In an earlier post I defended, though somewhat halfheartedly, Shepard Fairey’s right to use the AP’s Obama photo in his art. But this should not be taken as an endorsement of the artist. I’ve not seen too many of his works, but they don’t strike me as very interesting. He’s too clearly commercial in style and intent to be a “street artist” any more than those corporate-funded anti-tobacco commercials on TV are guerrilla advertising, and as a pop artist he brings nothing original. Now he’s got a big exhibition, which trumpets that his work “actively resists categorization” and “shifts easily between the realms of high, commercial, and political art”. Really? Or is it equivocation? Or just a muddle? Now Fairey is getting to be a high-roller in the art world, so of course he makes the obligatory ironic nod to his success by calling his show “supply and demand”. Har har. But there’s not a touch of irony in the HOPE poster to which he owes his fame. As one critique at Tomorrow Museum puts it,
It is not that it borrows so obviously from communist propaganda design, but because it doesn’t transcend its source of inspiration.
And still worse,
Fairey’s work makes you wonder if he even quite knows what’s going on in the Middle East or what Guantánamo Bay even is. What Fairey communicates about politics is apathy and a vague directionless feeling of dissent.
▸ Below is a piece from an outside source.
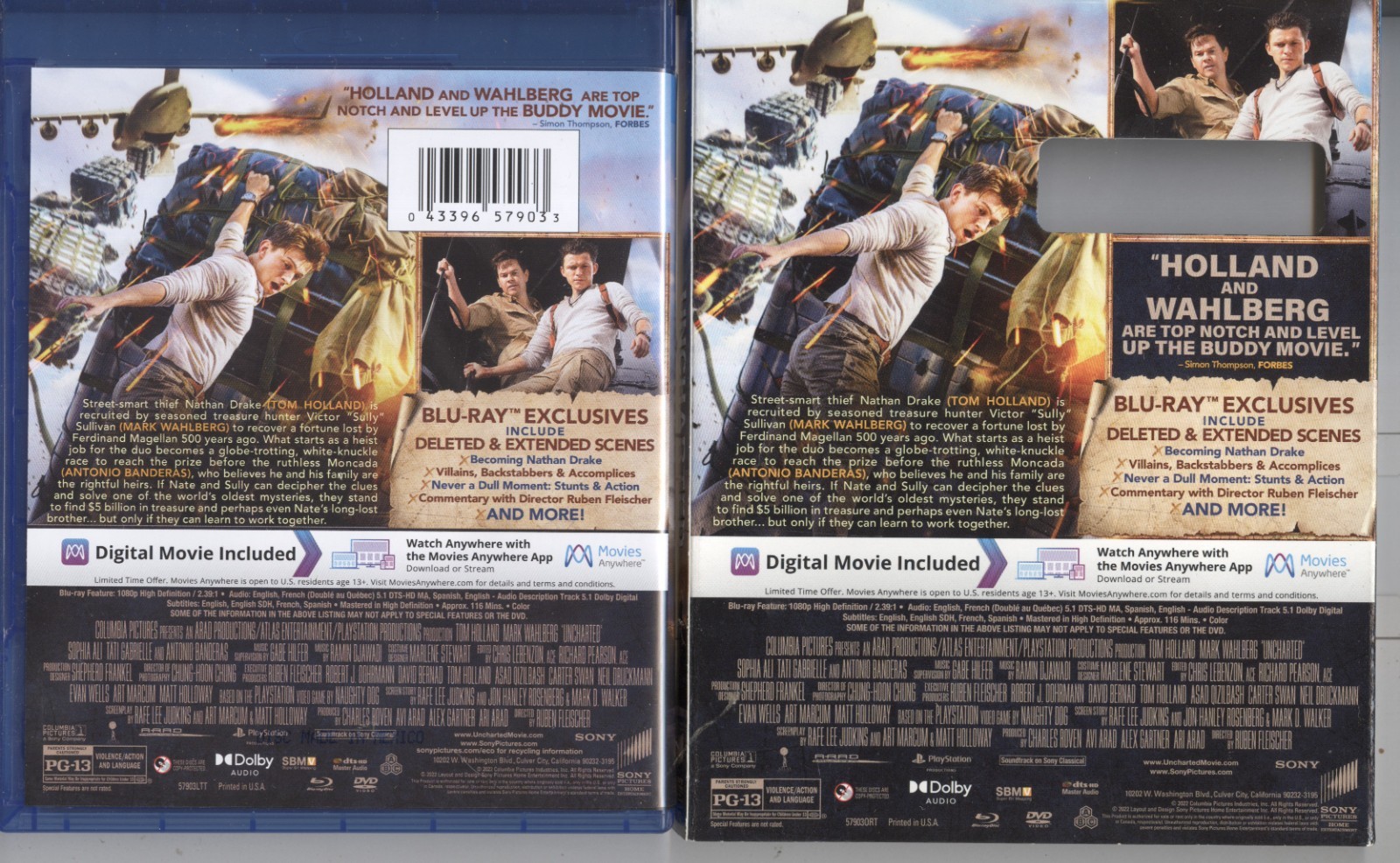 Uncharted (2022) R1 DVD + Blu-ray A + Digital Mark Wahlberg Tom Holland Banderas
Except in the HOPE poster, of course. No irony, no anger, and no apathy. Ean Frick writes,
Another element is the faux (or is it?) propaganda aesthetic, superficially reminiscent of Stalinist kitsch, which runs through all of Fairey’s pieces from OBEY to HOPE. On the outset this all seems rather tongue in cheek, but the humorless HOPE poster of our current God-King just shows how quickly the illusion of irony can come tumbling down when an agenda needs to be put forth. The use of quasi-Stalinist aesthetics is itself very telling.
It is indeed. Fairey tempts us to think that it is faux propaganda, with his aforementioned obligatory ironic gestures. Again, Tomorrow Museum‘s description of the Obama piece.
It is as it looks: a Dear Leader-like swoon….which could work only if you interpret it at it as a self-mocking, self-aware rub at “drinking the Obama kool-aid.”
But there simply isn’t anything in the image itself that would lead you to interpret that way. It’s clearly the work of someone who has already imbibed said kool-aid, and implores you to do the same. Frick has it right, I think, by comparing Fairey to the Soviet artist Rodchenko, as “a skilled visual propagandist whose job it is to make the establishment seem cool and radical.”